Analizar la relación entre Palinuro de México y la medicina es un motivo de gozo, incluso en medio del duelo por la muerte de Fernando del Paso, porque significa el triunfo de la literatura sobre el desencanto y la apatía. El enorme volumen lucía imponente hace treinta años, en el librero de mi padre, donde ocupaba un lugar distinguido dentro del territorio dedicado a la narrativa hispanoamericana. Si los alcances literarios de José Trigo y Noticias del imperio eran indiscutibles, nuestra predilección personal siempre estuvo con Palinuro. Leí el libro en aquellos años como si lo hubiera escrito Cortázar: en una forma que no es orden, ni caos, sino todo lo contrario. Cuando leí esa primera frase de la novela, según la cual el fantasma de la medicina acompañó siempre a Palinuro, no sabía aún que dedicaría mi vida a la medicina.
Curiosamente, fue mi padre quien me impulsó a estudiar la carrera. No era el poderoso mito contemporáneo de la ciencia médica lo que resultaba atractivo para su imaginación, sino más bien la simbología del estado oculto del cuerpo: el entendimiento de la materialidad humana como un territorio metafórico donde se consuma el drama arquetípico de la experiencia humana, desplegado, a su vez, en una narrativa histórica milenaria que se confunde con la mitología occidental y oriental, y alcanza momentos de tensión literaria en el Renacimiento de Paracelso.
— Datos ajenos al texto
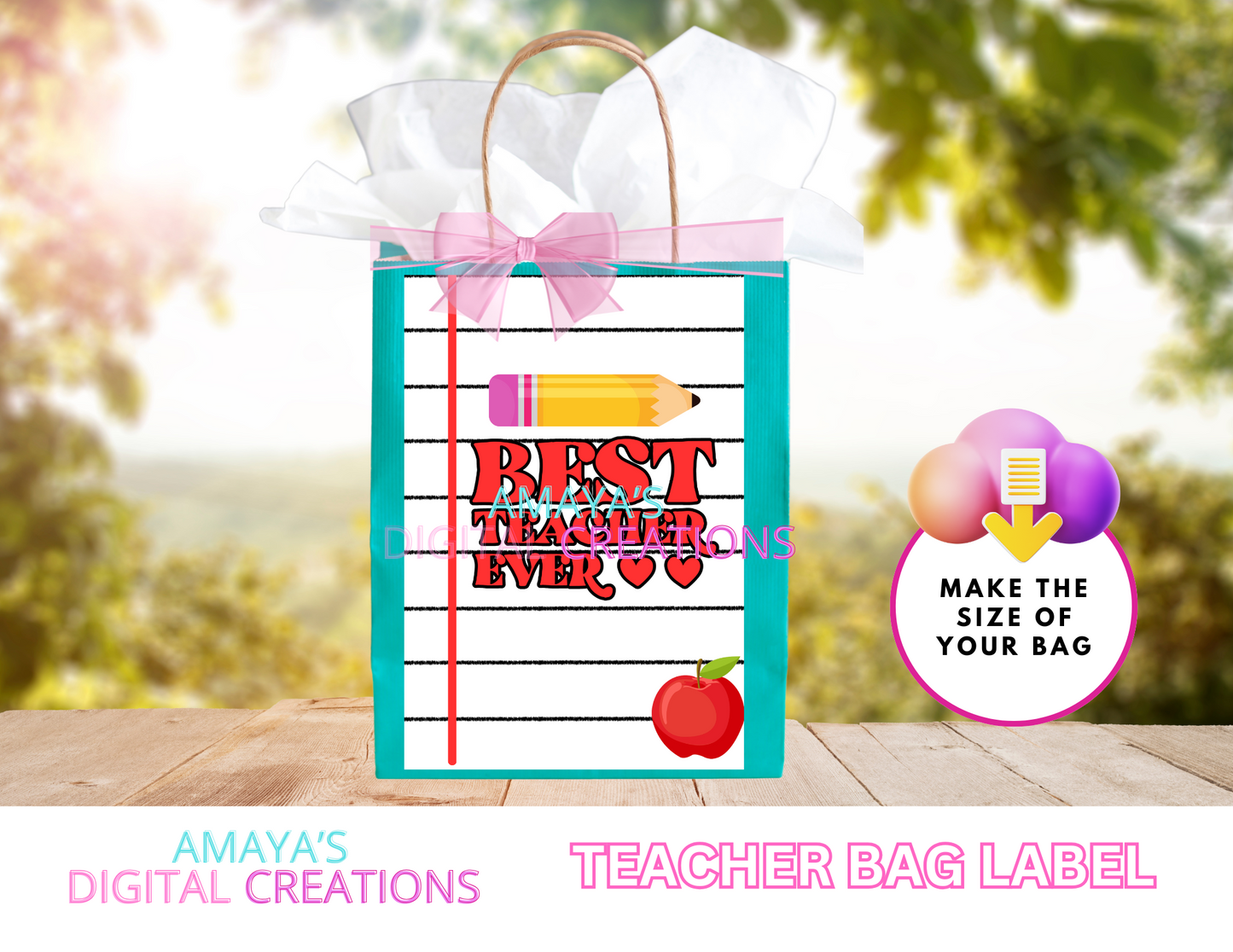 Teacher Appreciation Gift Tag|  Digital Instant Download ,No Physical Item, PNG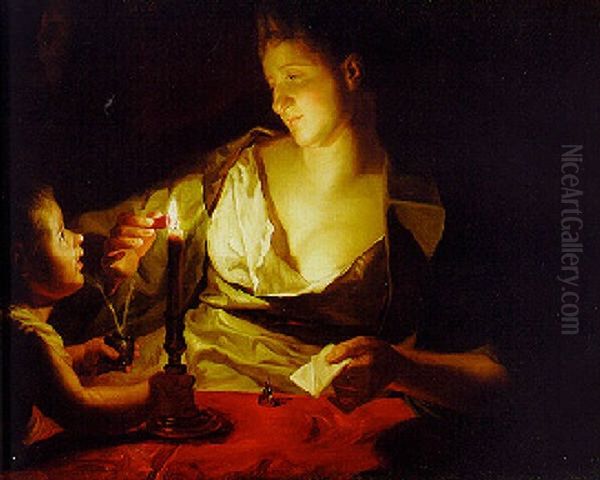 A Woman Sealing A Letter By Candlelight, Assisted By A Child Oil Painting by Jean-Baptiste Santerre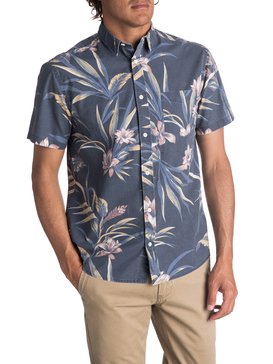 quiksilver, Men's Longa Locka Short Sleeve Shirt, DK DENIM LONGA LOCKA (brq6) LONGA LOCKA SS EQYWT03608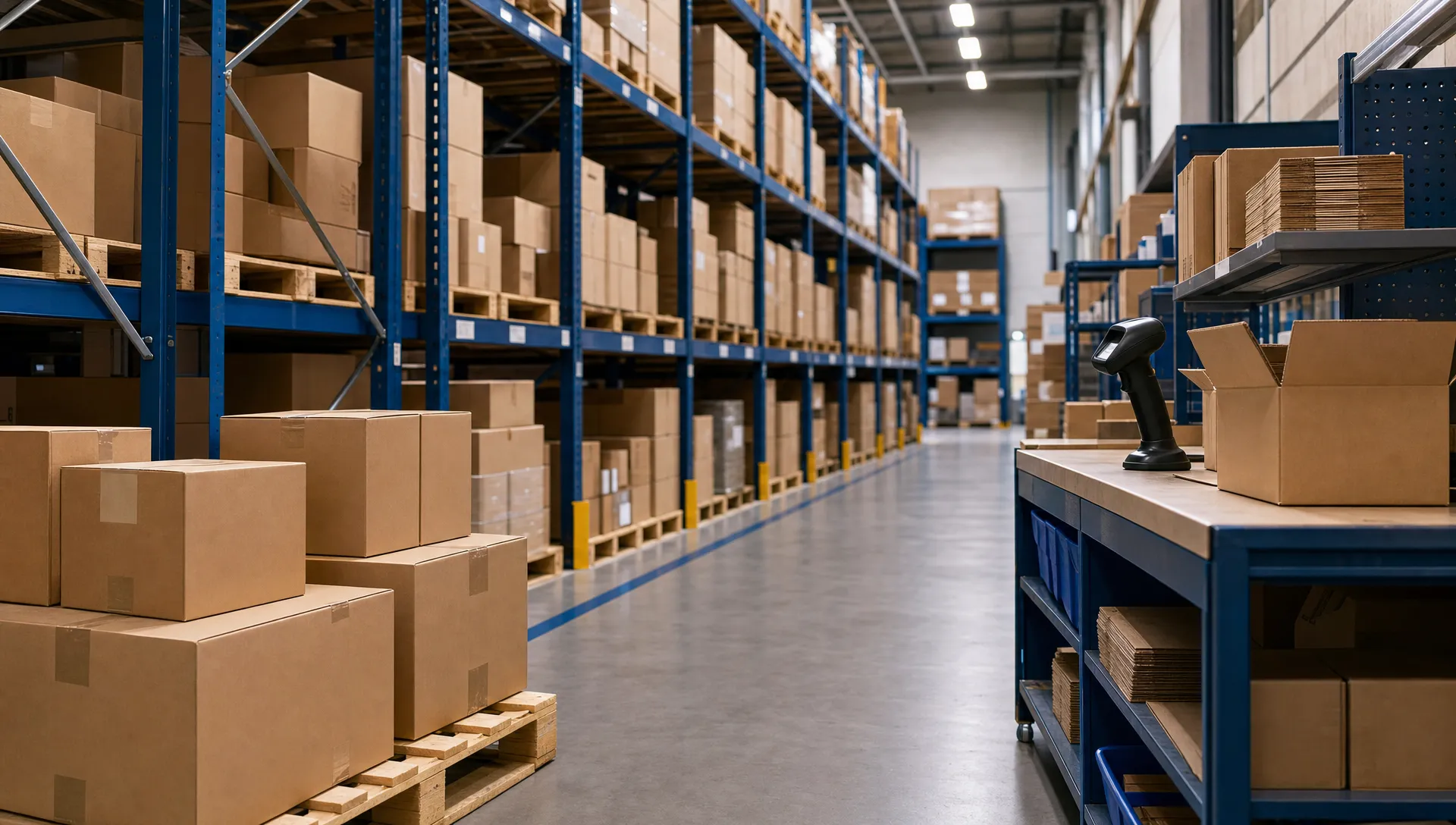 How to Manage Stock Across Multiple Sales Channels From One Warehouse 1 An organised warehouse aisle with unbranded cartons on racking, pallet locations, a handheld scanner and a packing bench in the background, showing tidy stock control for multi-channel order processing with no logos or readable text visible.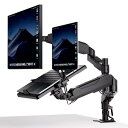 ロボロビン デュアル ノートパソコン/モニターアーム 安定性UP トレイ付き 11-17インチ対応 高度12-60cm 角度自由に調整 ガススプリング グロメット式&クランプ式 モニターアーム 360度回転 11-(3)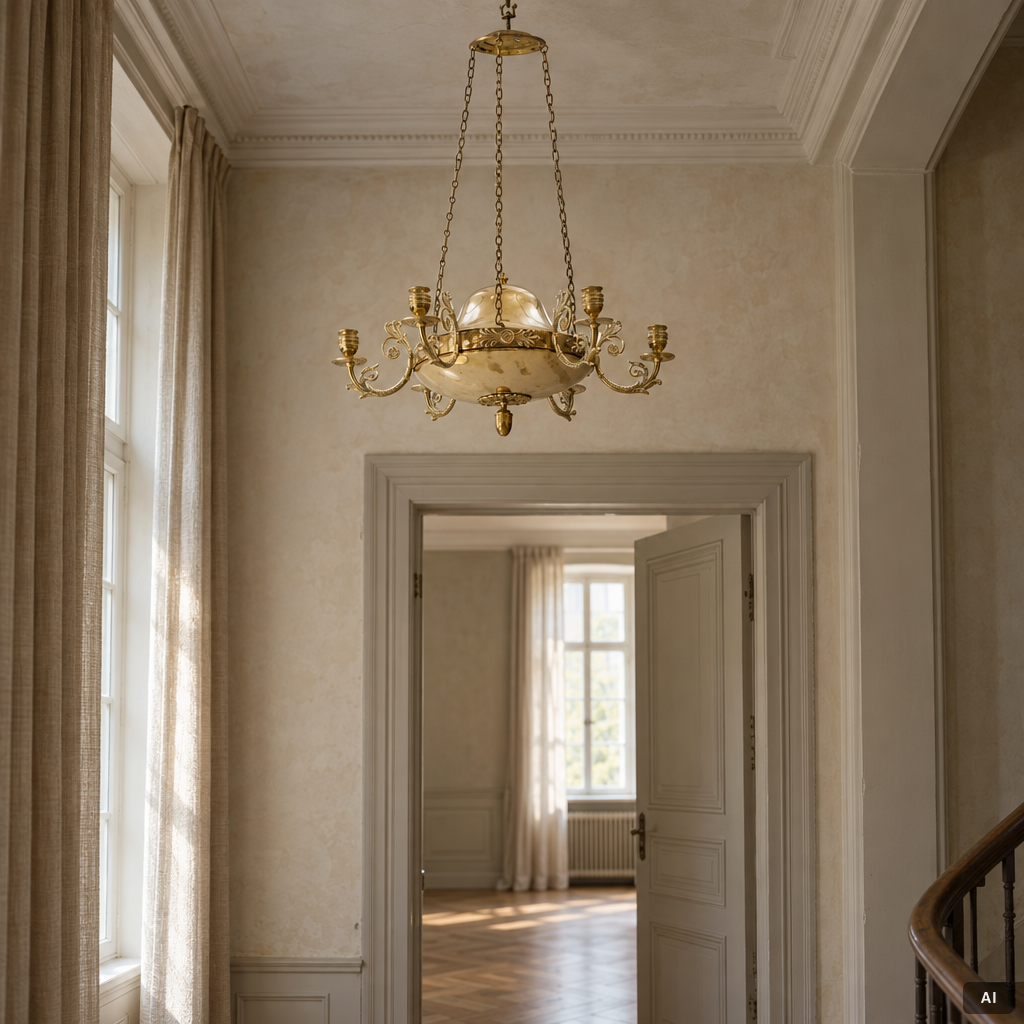 A Swedish Empire gilt brass six-branch chandelier, early 19th century.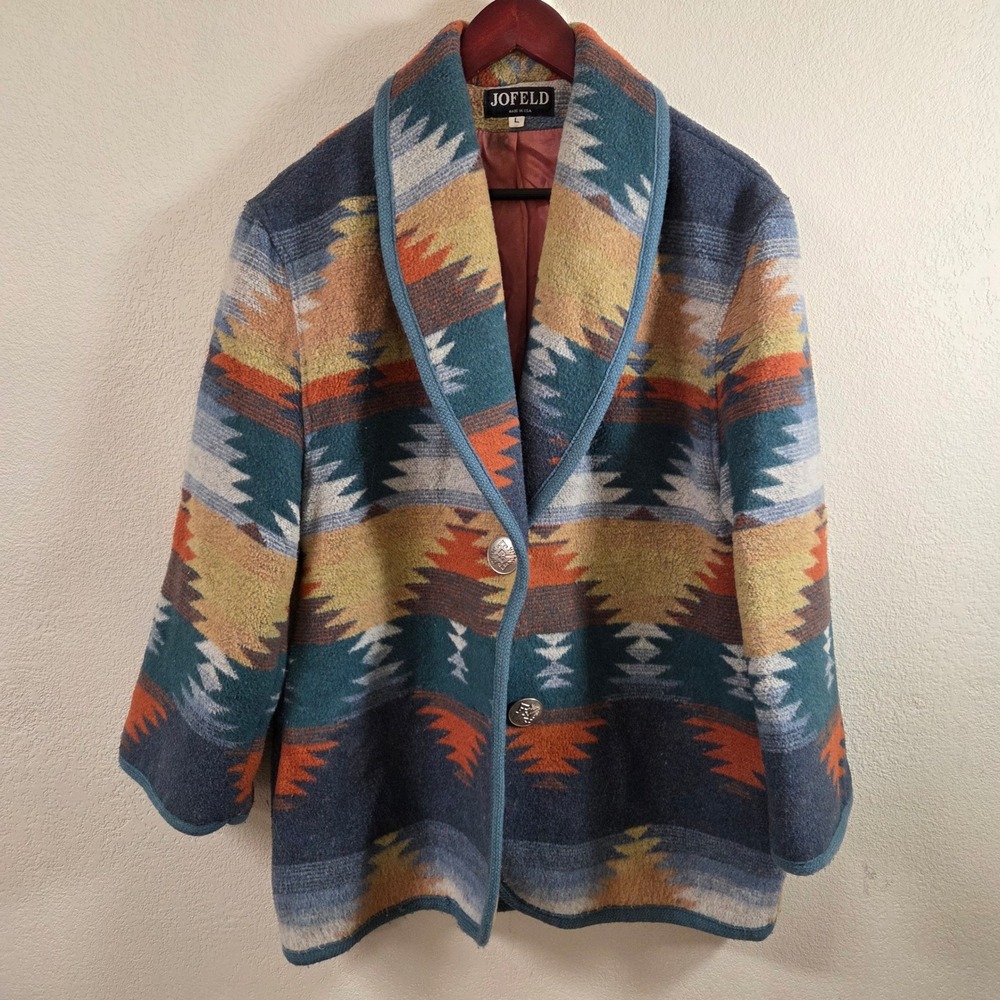 Jofeld Vintage Southwestern Aztec Wool Blend Shawl Collar Blanket Coat Large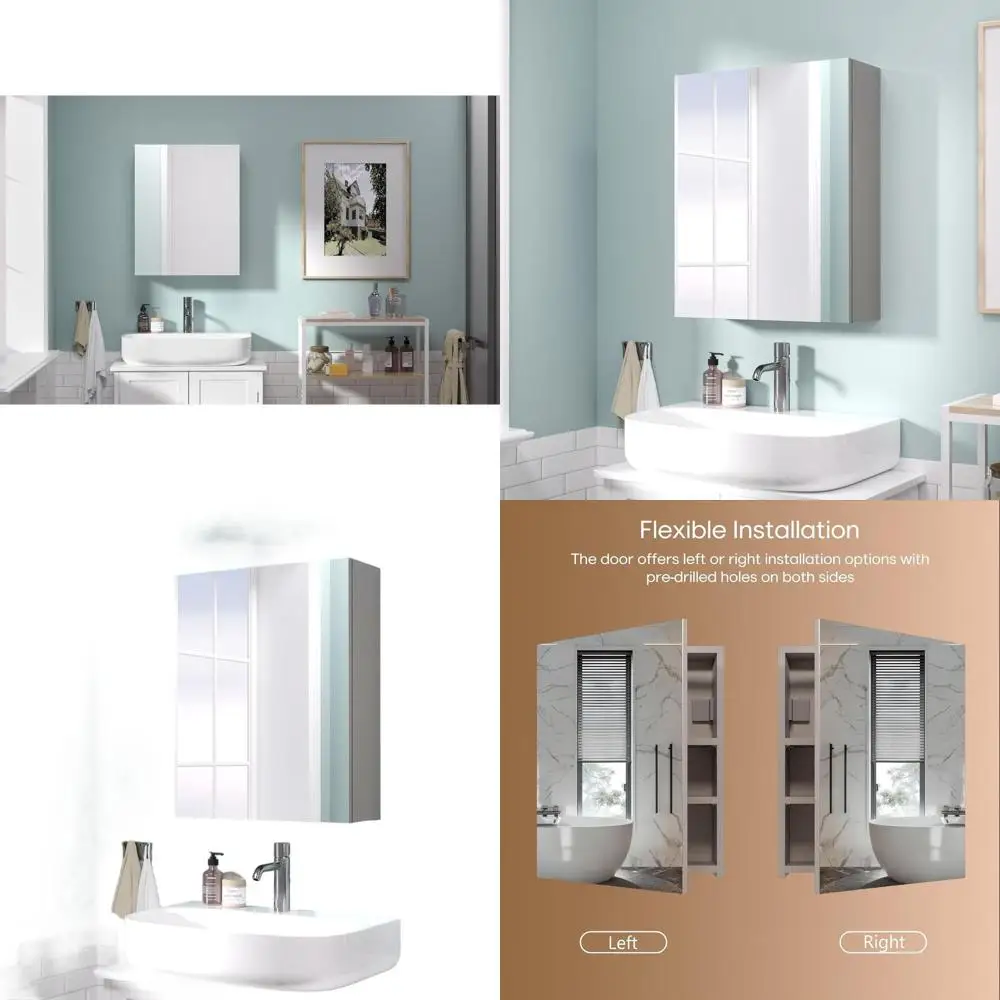 

Grey 20x16 Inch Bathroom Wall-Mounted Medicine Cabinet with Adjustable Shelves and 1 Door (Assembly Required)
Aprendí a valorar esta versión mitológica de la medicina a través de mi padre, quien me recomendó leer algunas ficciones médicas contemporáneas. No me refiero a los casos reales de médicos escritores, como Mariano Azuela o Elías Nandino, sino precisamente a la medicina como un fantasma en la novela de Fernando del Paso, a la medicina como transgresión estética en Farabeuf o la crónica de un instante, de Salvador Elizondo, y aún a la medicina como exploración de lo posible en El disparo de Argón, de Juan Villoro. Esas claves conspiraron con la mitología de mi padre para construir una medicina dispuesta a realizar una alianza secreta con la literatura.
Fernando del Paso, un pesimista con sentido del humor, ateo, obsesionado por el lenguaje y la historia, aficionado a la astrofísica, la zoología, la arquitectura, declaró en forma repetida su amor por la medicina. Es bien sabido que antes de estudiar la carrera de economía, deseaba estudiar en la escuela militar de medicina, una de las más prestigiadas de su época, y en ése, como en muchos otros sentidos, Palinuro de México puede concebirse como un laboratorio experimental de la personalidad, un taller creativo dispuesto a generar transformaciones del ego, como lo es, en cierta forma, toda narrativa de ficción, y más aún, toda narrativa. Sabemos que Palinuro es un estudiante de medicina durante el movimiento estudiantil de 1968. Pero lejos de la dimensión política del libro, que ha sido motivo de lecturas lúcidas y vigentes, me parece también que el afecto personal del escritor hacia la historia cultural de la medicina, tan cercana a su talento barroco y erudito, es el origen de una investigación fecunda sobre la relación entre el cuerpo y las palabras. La anatomía, entendida como manipulación sistemática del tejido humano, requiere el recurso lingüístico, la infinita variedad de etiquetas lexicales para generar representaciones estables y formatos adecuados para la comunicación, la enseñanza, la investigación. El acto de nombrar, que emparenta a la literatura con tradiciones tan diversas como la cábala, la astronomía, la geografía y la química, encuentra en la anatomopatología un caso especial: se forma, en el mundo clínico, una articulación epistemológica entre los conocimientos adquiridos mediante la visión y el tacto, y la capacidad del lenguaje para estabilizar y formar conceptos. Al abrir algunos cadáveres, como dijo Michel Foucault en El nacimiento de la clínica, los objetos y tejidos previamente ocultos deben nombrarse con el recurso de la analogía, que emparenta a la poesía con la medicina anatómica. El cíngulo, el tálamo, el hipocampo, la amígdala, son algunas palabras de la neuroanatomía. Muestran el sentido figurado que genera, paradójicamente, las convenciones materialistas de la medicina: cinturones, recámaras, animales marinos y alimentos fungen como modelos para la conceptualización, que no se limita a la descripción visual de estructuras, sino que ofrece peldaños indispensables para la ideación abstracta.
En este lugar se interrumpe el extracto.